NTK to the rescue. They spotted that IMDB’s trivia section indicates that the music to some of the trailers for LOTR2 is actually the soundtrack to Darren Aronofsky’s relatively recent film "Requiem For A Dream", by ex-Poppie Clint Mansell. I knew it!

Don’t recall that happening before … almost as if LOTR2 is trying to trying to subtly inherit some dark brand values from the flawed-but-often-brilliant "Requiem", further suggesting it might shape up to be the "Empire Strikes Back" of the franchise. Are they being that clever? Or just lazy?

3 Responses

  1. this is not as rare as one might imagine. There was a time when any period war film set before 1900 would have Orf’s “Carmina Burana” as the trailer score while the actual film might be accompanied by something (inevitably) inferior penned by someone like James Horner.
    I also recall a time in the mid eighties when the video trailers of several unrelated films used the Glass score to Schrader’s “Mishima” despite the films themselves having relatively banal underscores, Badalementi is another whose trademark sound for Twin Peaks was used to great effect trailering films of starkly empoverished aural presence.
    One of the reasons for this is that trailers are often cut and trialed before the final mix (and perhaps the delivery of the finished underscore).

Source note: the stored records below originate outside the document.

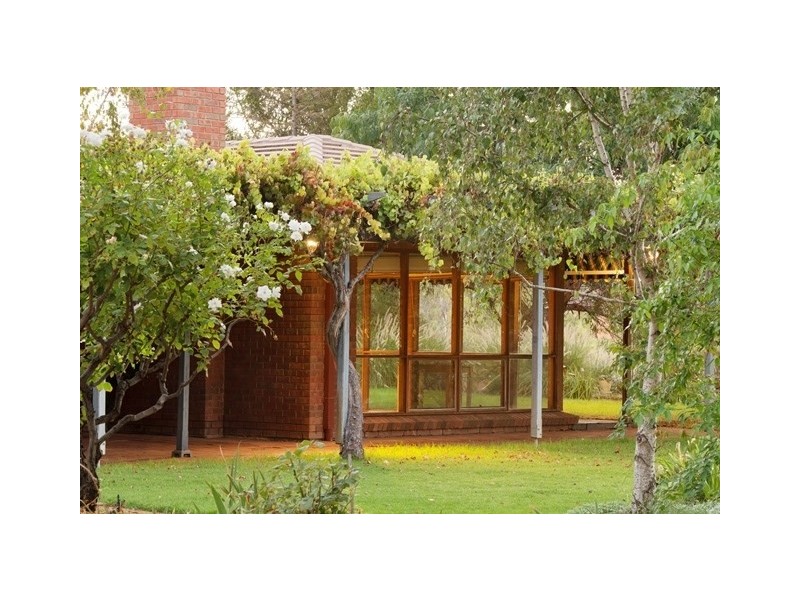 40 Kemp Road, Berri SA 5343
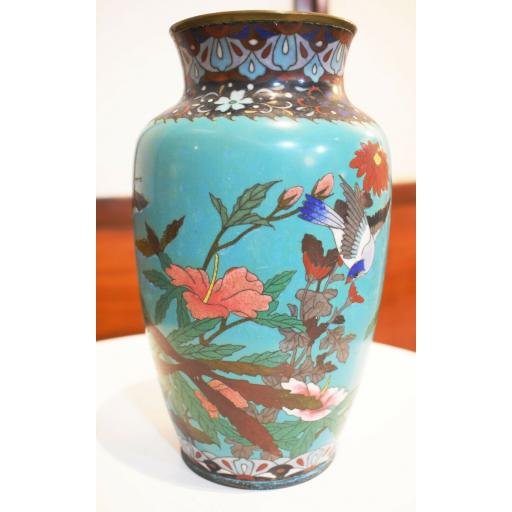 Japanese cloisonné vases 4.jpg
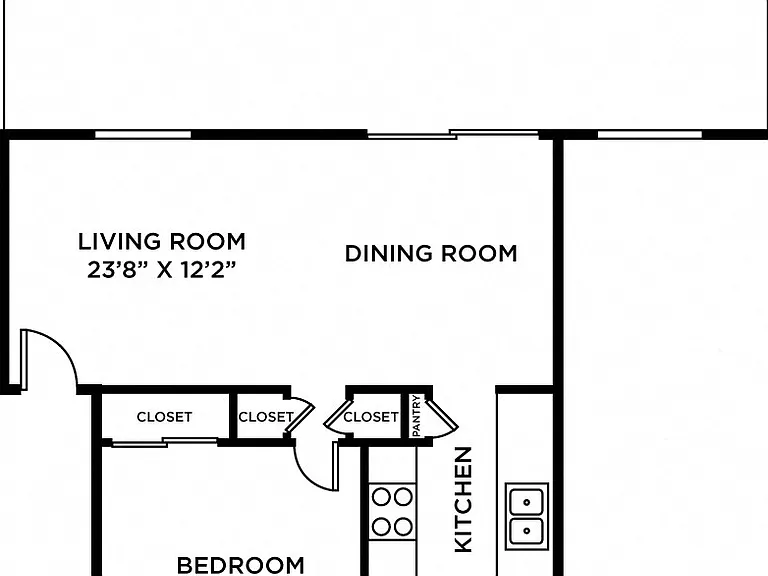Reserve at Lake Pointe Apartments and Townhomes — Photo 34
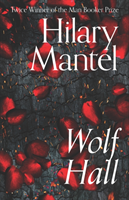 The Wolf Hall - picture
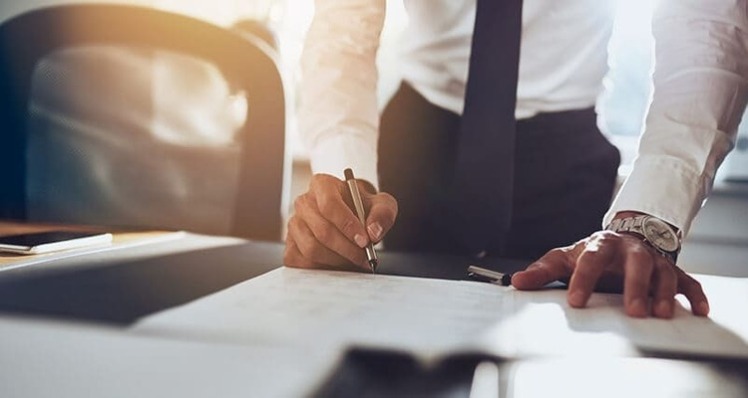 خیار عیب چیست و چگونه اعمال می شود؟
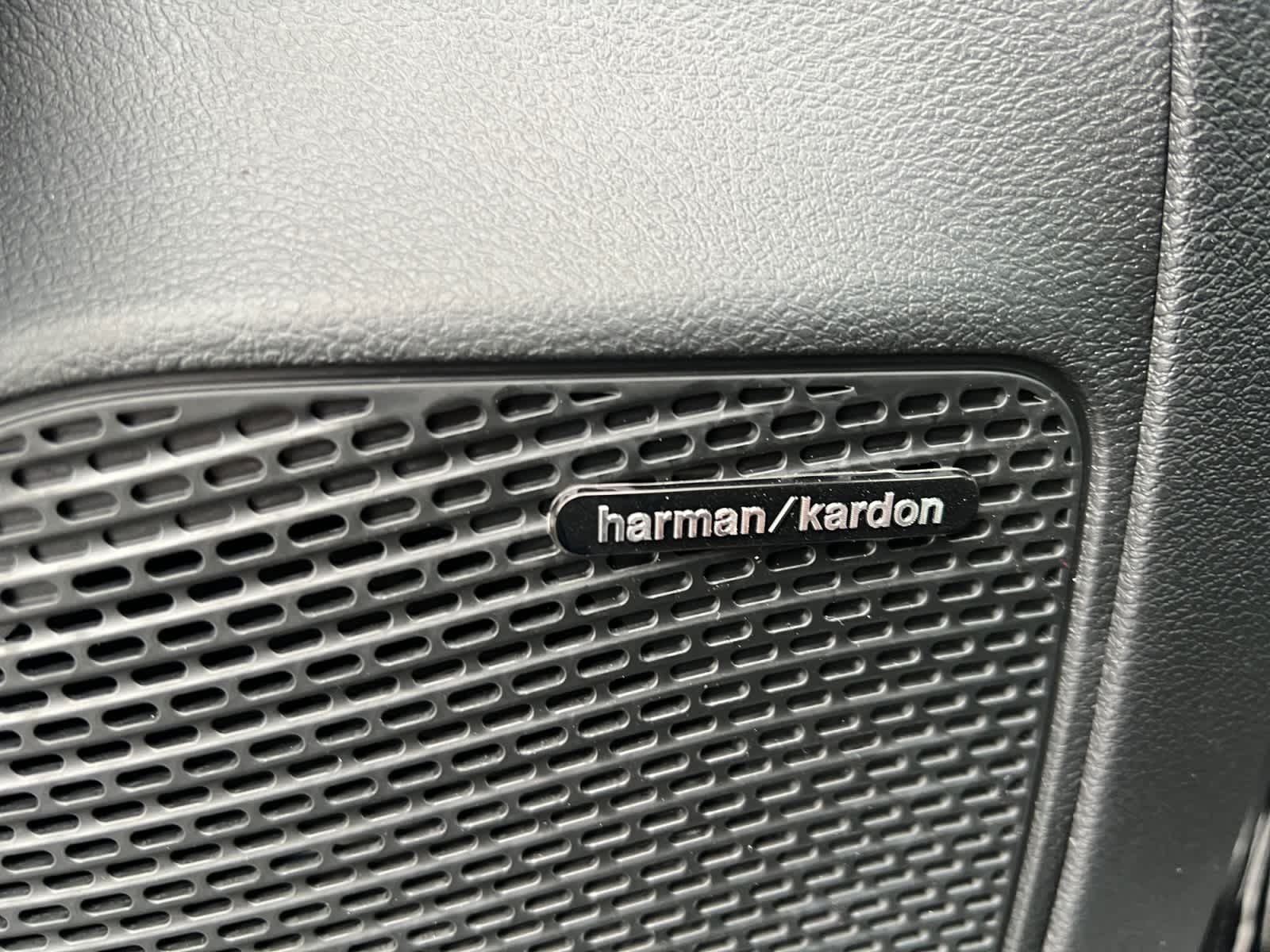 new 2026 Chrysler Pacifica car, priced at $61,285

As the ubiquitous practice of temping (laying up already existing music as a temporary score usualy for the benefit of cinematicaly illiterate studio executives) often results in producers falling in love with “The Right Of Spring” or “Ride of The Valkyrie” at the same time insisting the hapless composer match the brilliance of the aformentioned in a matter of weeks while also acommodating the “structure” of a CGI Ork attack.
    Prising producers away from these “temps” can be hugely difficult and often including them in the trailer can be a mollifying concession to a deluded studio head.

  2. The actually do that fairly often (at least here in the US). They seem to use the less recognizable parts of the soundtracks from Batman and Beetlejuice the most.
    Its generally the very early trailers that do that, later replaced by trailers with original music. I’ve heard it’s done because the movie’s own soundtrack just hasn’t been completed.
    I don’t know if that’s the case for Lord of the Rings though.